Aim of the exercise> Print the data below exactly as it stands, and keep the pictures out.

Dataset section>

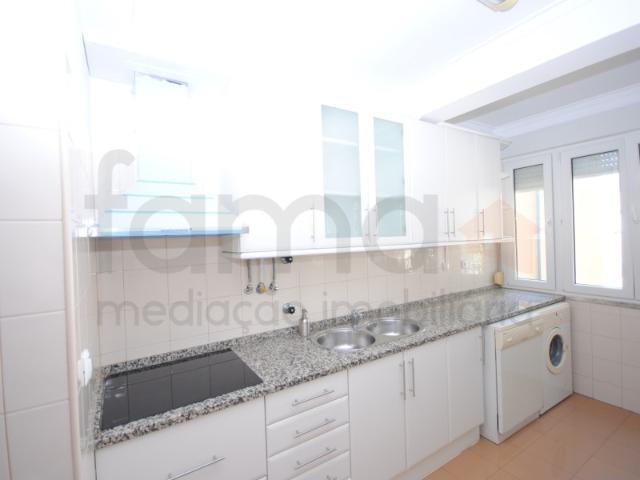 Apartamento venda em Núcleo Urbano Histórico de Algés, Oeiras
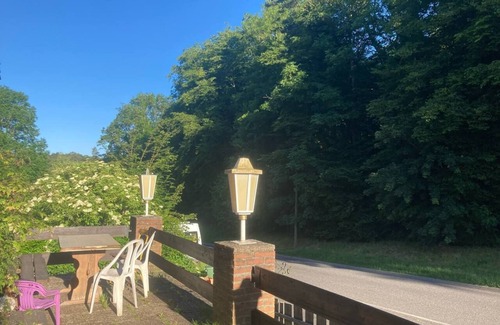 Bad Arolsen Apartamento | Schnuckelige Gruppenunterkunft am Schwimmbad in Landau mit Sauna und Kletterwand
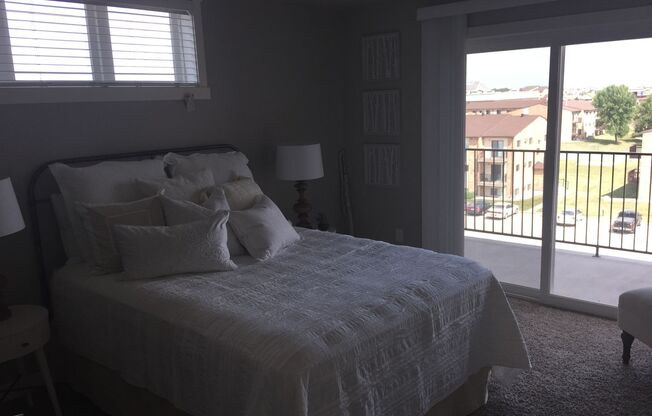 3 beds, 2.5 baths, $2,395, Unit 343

Written reply>
 Apartamento venda em Núcleo Urbano Histórico de Algés, Oeiras
 Bad Arolsen Apartamento | Schnuckelige Gruppenunterkunft am Schwimmbad in Landau mit Sauna und Kletterwand
 3 beds, 2.5 baths, $2,395, Unit 343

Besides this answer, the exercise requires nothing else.